Шире, шире море слёз
21/03/2017
Искусство послевоенного мира на двух исторических выставках
Один из залов выставки Государственного музея изобразительных искусств имени А.С. Пушкина «Лицом к будущему. Искусство Европы. 1945–1968» примыкает к анфиладе с постоянной экспозицией старой европейской живописи. Сквозь дверной проём, обрамлённый работами Янкилевского и Христо Явашева, в перспективе сияет шедевр столпа академической живописи XVII века Клода Лоррена «Похищение Европы»: на фоне пейзажа дивной красы белоснежный бык – Зевс – увозит прекрасную дочь финикийского царя. Зевс-Юпитер соблазнил Европу, уплыл с ней на остров Крит и там в образе прекрасного юноши овладел девушкой. В результате родились легендарные герои Минос, Радамант и Сарпедон. Ставший царём критского Кносса Минос явился основателем первой греческой цивилизации – Минойской.
Европа лучезарная! Краса твоя пленяет! Ты светоч цивилизации, одновременно – ветреная дура, отдающаяся каким ни попадя уродам, которые способны соблазнить тебя животной бычьей силой и поработить скотской низостью нравов.

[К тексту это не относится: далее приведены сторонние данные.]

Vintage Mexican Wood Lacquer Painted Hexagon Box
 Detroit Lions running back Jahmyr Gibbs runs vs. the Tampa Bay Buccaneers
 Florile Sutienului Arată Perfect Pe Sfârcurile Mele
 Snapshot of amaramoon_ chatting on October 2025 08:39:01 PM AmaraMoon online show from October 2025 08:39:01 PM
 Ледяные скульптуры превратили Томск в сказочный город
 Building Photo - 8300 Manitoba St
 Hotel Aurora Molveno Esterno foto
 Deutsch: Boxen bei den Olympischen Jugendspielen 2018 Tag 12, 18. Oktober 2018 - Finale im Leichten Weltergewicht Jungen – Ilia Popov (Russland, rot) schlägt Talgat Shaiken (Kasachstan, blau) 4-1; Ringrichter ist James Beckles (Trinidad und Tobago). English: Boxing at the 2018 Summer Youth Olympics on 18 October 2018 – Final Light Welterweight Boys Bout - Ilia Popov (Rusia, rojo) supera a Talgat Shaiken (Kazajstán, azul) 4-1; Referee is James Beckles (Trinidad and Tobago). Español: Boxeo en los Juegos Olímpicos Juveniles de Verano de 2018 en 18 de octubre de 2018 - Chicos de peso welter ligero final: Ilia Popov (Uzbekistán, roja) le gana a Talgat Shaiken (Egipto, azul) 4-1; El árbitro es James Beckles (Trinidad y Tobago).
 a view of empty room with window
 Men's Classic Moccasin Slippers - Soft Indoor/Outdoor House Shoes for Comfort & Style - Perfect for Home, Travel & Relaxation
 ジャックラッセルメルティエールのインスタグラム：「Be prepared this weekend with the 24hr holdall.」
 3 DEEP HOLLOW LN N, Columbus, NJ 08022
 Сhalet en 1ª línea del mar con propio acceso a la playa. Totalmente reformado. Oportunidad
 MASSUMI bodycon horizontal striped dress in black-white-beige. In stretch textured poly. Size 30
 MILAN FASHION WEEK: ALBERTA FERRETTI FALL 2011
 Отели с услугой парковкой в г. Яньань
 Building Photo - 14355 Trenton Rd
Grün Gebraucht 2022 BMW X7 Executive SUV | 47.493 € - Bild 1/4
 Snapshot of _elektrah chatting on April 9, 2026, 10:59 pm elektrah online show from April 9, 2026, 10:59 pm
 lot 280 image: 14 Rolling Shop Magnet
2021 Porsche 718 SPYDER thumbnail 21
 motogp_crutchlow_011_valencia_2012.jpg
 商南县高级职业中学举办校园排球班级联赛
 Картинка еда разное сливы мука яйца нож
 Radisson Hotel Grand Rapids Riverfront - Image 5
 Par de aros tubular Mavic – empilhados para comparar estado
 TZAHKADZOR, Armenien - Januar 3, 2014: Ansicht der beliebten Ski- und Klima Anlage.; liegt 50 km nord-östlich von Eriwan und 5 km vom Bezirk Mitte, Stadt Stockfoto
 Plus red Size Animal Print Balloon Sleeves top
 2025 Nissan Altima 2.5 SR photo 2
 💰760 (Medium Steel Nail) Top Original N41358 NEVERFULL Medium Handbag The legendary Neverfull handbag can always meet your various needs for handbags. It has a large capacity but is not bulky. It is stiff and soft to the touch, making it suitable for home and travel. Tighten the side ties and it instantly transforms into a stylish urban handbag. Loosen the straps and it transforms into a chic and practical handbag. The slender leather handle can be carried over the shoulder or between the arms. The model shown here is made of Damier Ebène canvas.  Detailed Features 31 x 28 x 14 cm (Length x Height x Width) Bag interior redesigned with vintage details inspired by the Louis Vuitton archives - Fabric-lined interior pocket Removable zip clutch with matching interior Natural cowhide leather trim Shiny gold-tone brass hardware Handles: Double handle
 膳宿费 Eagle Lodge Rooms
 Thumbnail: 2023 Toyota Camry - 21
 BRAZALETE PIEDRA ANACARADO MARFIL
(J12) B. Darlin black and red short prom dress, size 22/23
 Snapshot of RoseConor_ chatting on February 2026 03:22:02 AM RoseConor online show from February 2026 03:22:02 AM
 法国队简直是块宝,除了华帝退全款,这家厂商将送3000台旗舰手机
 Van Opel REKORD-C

Конечно, выставка «Лицом к будущему. Искусство Европы. 1945–1968» в идеале должна начинаться великой картиной Пикассо «Герника», в которой женщины и дети становятся растоптанными жертвами взбесившихся быков. Однако и предложенная кураторами Экхартом Гилленом, Петером Вайбелем, Данилой Булатовым версия введения в историю искусства послевоенной Европы очень убеждает. В белоколонном зале нас встречает потрясающая скульптура Альфреда Хрдлички «Распятый» 1959 года. Она становится замковым камнем в архитектонике всей экспозиции и по смыслу, и чисто пластически на фоне разорванного кольца конструкций, выстроенных архитектором выставки Алексеем Подкидышевым. Изувеченный образ страдающего тела – это и мир средневековой пластики, варварски разбитой Французской революцией 1789 года, и модернизм первой волны с его телесными корчами и спазмами, запечатлёнными экспрессионистами, и ответ страшным опытам самоистязания и увечий в перформансах современников художника Хрдлички, венских акционистов…
В выставке ГМИИ участвуют десятки музеев европейских городов. Её первым адресом экспонирования был Брюссель. Затем – Карлсруэ. Теперь – Москва.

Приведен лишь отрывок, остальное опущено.